The Watly machine, created by an Italian-Spanish startup, works by capturing solar energy through photovoltaic panels which is then converted into electricity through an internal battery.
The energy generated through the solar panels is used to produce clean water using a graphene-based filtering process. The company has been testing the technology in rural Ghana and the nest step is to roll out units across Africa. Pictured here are Watly's Matteo Squizzato and Stefano Buiani testing the water.
Watly can deliver 5,000 liters of safe drinking water each day. The battery also powers a connectivity hub that provides wireless internet within an 800-meter radius, and a charging station for electronic and mobile devices.

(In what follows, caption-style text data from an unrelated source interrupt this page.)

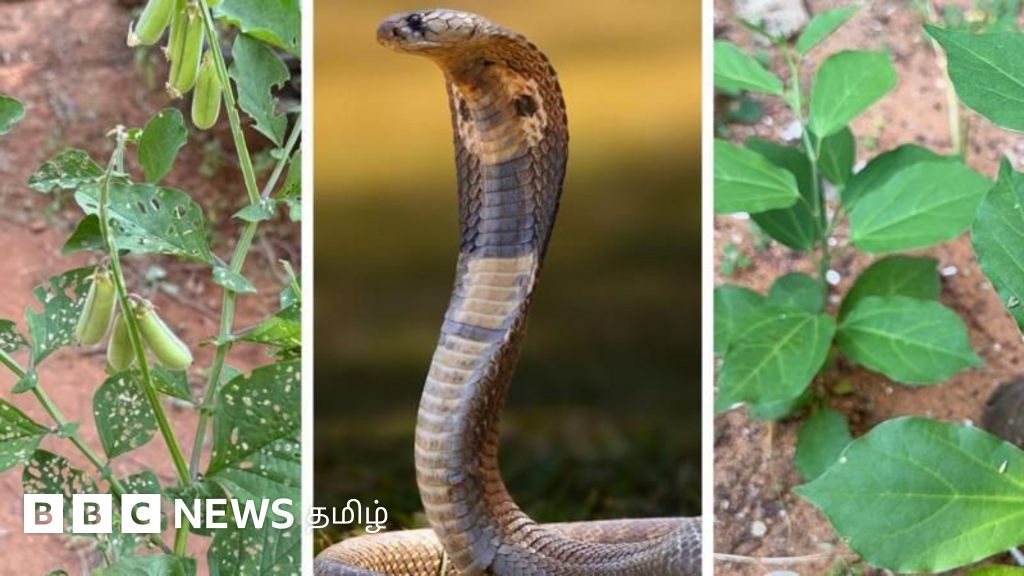 பாம்புகள் கண்டு அஞ்சக்கூடிய செடிகள் உண்மையில் உள்ளனவா? 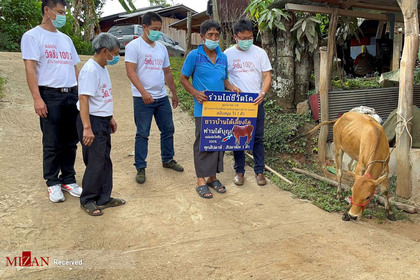 اهدای گاو زنده در تایلند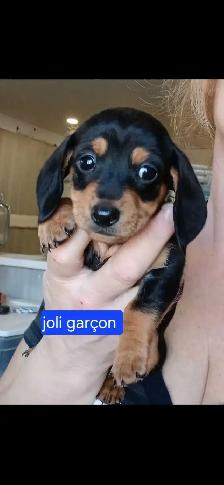 teckel miniature 8 livres - Photo 3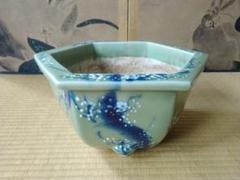 染付青磁盆栽鉢 尾張焼 瀬戸焼 蘭鉢 骨董 園芸 ガーデニング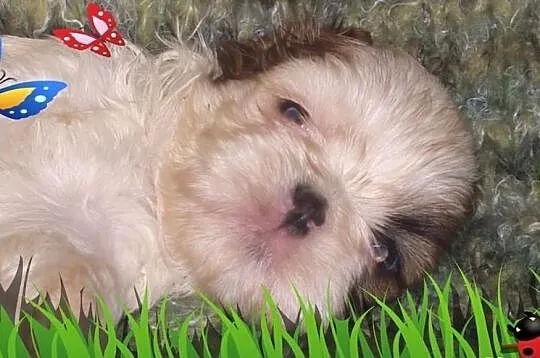 Shih Tzu szczeniaczek -piesek na Walentynki
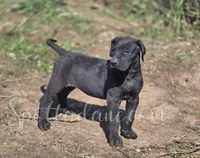 Black Beauty, a female Great Dane for sale in Onalaska, WA – 6 of 9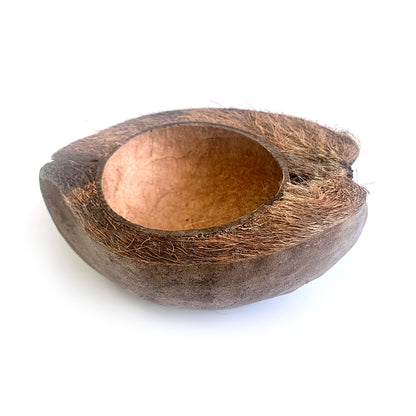 HabiStat Coco Bowl - Bermondsey Exotics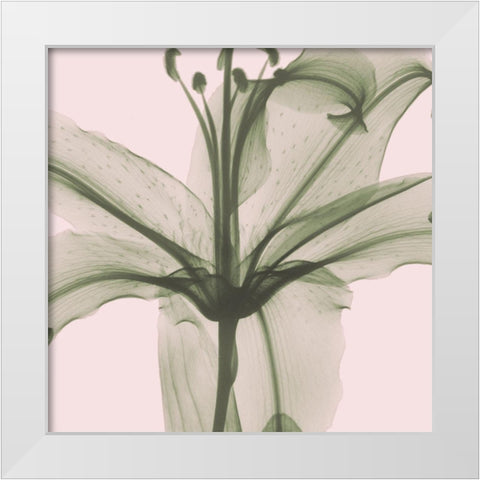 Entranced Lily White Modern Wood Framed Art Print by Koetsier, Albert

The team behind Watly hopes the machine will bring much needed aid in the development of these areas."This is an infrastructure solution for people without access to three fundamental pillars of civilization," says Watly founder Marco Attisani (center). "We are (taking) people to the heart of the 21st century."
The project has received 1.4 million euros from the European Union's Horizon 2020 research funding program and are planning to collaborate with NGOs and civil society on a local level. "No technology can change the world without a human factor," says Attisani. "Local partners will care for the logistics, spread the word, play a role in education, and leverage functionality."
The team also hopes that the machine could lead to a surge of economic growth by helping local entrepreneurs to start businesses. They plan to install 10,000 Watly units across Africa over the next eight years, which they hope will create an estimated 50,000 jobs.